Source information below:

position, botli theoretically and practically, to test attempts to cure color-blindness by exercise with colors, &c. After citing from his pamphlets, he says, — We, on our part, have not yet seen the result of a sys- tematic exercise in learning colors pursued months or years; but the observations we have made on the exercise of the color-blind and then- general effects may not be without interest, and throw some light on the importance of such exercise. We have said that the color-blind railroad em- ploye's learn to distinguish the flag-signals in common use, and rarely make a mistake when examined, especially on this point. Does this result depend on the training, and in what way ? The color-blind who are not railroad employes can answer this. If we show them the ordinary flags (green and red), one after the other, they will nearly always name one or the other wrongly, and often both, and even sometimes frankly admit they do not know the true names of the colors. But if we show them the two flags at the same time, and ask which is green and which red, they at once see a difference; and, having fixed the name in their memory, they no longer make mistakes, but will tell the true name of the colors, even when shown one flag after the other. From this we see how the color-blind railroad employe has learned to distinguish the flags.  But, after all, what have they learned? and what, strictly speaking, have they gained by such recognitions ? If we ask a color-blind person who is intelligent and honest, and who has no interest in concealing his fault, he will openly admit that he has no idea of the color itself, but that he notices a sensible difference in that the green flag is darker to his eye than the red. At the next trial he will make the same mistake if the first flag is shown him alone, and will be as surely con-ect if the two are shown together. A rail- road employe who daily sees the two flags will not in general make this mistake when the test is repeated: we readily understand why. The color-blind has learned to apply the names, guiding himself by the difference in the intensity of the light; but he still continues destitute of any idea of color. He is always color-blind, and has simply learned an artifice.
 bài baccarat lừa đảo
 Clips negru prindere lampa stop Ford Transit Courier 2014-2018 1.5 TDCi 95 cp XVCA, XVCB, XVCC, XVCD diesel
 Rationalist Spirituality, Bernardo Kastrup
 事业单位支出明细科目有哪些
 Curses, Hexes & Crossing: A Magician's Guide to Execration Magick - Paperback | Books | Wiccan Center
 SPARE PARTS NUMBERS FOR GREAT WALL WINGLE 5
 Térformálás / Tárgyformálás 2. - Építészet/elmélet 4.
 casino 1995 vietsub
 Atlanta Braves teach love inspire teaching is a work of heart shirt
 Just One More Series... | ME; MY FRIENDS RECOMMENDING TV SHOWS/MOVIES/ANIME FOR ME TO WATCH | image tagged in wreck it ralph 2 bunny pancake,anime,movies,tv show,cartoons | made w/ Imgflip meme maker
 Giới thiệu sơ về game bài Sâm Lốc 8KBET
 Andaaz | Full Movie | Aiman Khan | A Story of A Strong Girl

End of Source information.

◆ What is expected
Return only those lines that run from the one containing "casino 1995 vietsub" through the end of the entries, keeping each exactly as written.

◆ Exercise result
 casino 1995 vietsub
 Atlanta Braves teach love inspire teaching is a work of heart shirt
 Just One More Series... | ME; MY FRIENDS RECOMMENDING TV SHOWS/MOVIES/ANIME FOR ME TO WATCH | image tagged in wreck it ralph 2 bunny pancake,anime,movies,tv show,cartoons | made w/ Imgflip meme maker
 Giới thiệu sơ về game bài Sâm Lốc 8KBET
 Andaaz | Full Movie | Aiman Khan | A Story of A Strong Girl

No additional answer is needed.